Archive April 2017 XVIII, No. 4

Editor's Page: More Questions Than Answers

The correct path is not always lighted and marked.

In this issue, we ask a couple of provocative questions that are sure to start a good argument around the break table:

While they're both rhetorical questions with arguments to be made for either side, they're also both highly inflammatory hot potatoes. Best to tread carefully, respectfully and armed with facts.

Let's tackle post-op pain first. Short-term opioid exposure following surgery is now linked to risk of abuse, but to lay the blame for the nation's opioid addiction crisis at the feet of surgeons seems harsh. The surgeon's sin: overprescribing opioids for post-operative pain relief, writing for 50 painkillers when 5 or 15 will do. And in so doing, getting moms, dads and kids hooked on the euphoria they experience while on these highly addictive drugs.

"Surgeons are unwittingly enablers of addiction, abuse and overdosage," says noted surgeon and author Atul A. Gawande, MD, MPH, of Harvard Medical School, in this month's Annals of Surgery.

What's a surgeon to do? Reduce pain and inflammation with non-opioids before, during and after surgery. Send patients home with regional blocks. And reduce opioid use after surgery. Yes, the multimodal analgesia movement is in full effect.

You can argue that inexpensive and readily available heroin is a major driver of the drug epidemic, but it's good to "raise patient awareness and help reset patient expectations," says Eugene Viscusi, MD, director of pain management at Thomas Jefferson University in Philadelphia, Pa.

Dr. Viscusi says U.S. surgeons are "generous" with opioids, compared with doctors in the rest of the world. Elsewhere, he's quoted as saying in a published report, "you will not get a big bottle of opioids when you leave." But he says it's fair to wonder if patients won't think they're being "shortchanged" if they're told to take Aleve rather than Percocet. "Most patients still want the good stuff," says Dr. Viscusi. "There's still this pro-opioid bias."

Let's now move to surgical attire.
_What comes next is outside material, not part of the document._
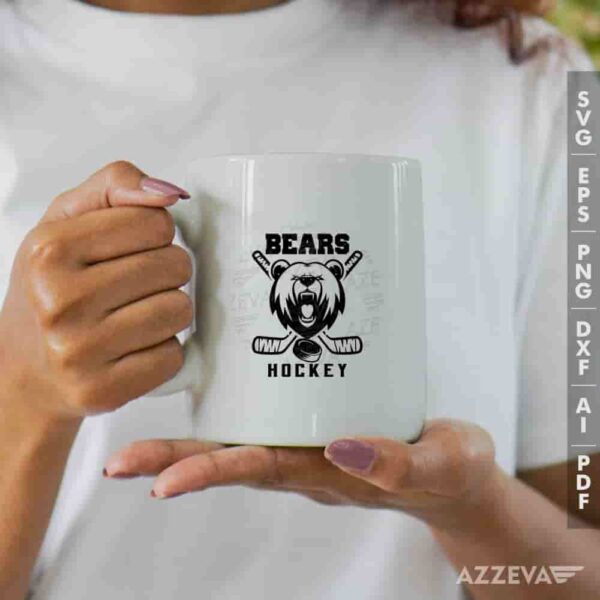 Bears Hockey SVG Mug Design azzeva.com 22105602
In this month's "Infection Prevention" column on page 80, Lisa Spruce, DNP, RN, CNOR, the director of evidence-based perioperative practice for the Association of PeriOperative Registered Nurses, argues that when your surgeons and staff don't follow correct attire practices, such as completely covering their hair and not wearing scrubs outside the OR, they're endangering patients by putting them at risk for infection.

There's some evidence that this is true, but this is an emotional issue. People feel very strongly about being told what to wear to work. Surgeons will continue to wear skullcaps emblazoned with the logo of their college alma mater that expose their sideburns and the hair at the nape of their necks. And OR personnel will continue to pump gas and grocery shop in their scrubs. Dr. Spruce knows AORN is fighting an uphill battle when it comes to enforcing a dress code on the surgical uniform.

"OR members refuse to follow the recommendations based on personal preference and not on the evidence, particularly with head covering," says Dr. Spruce. Still, she urges you to encourage your surgeons and staff to "reduce infection risks as much as possible — even if it's not always the easiest or most convenient choice."

Who's right? Who's wrong? Hard to say. But it's fun to argue.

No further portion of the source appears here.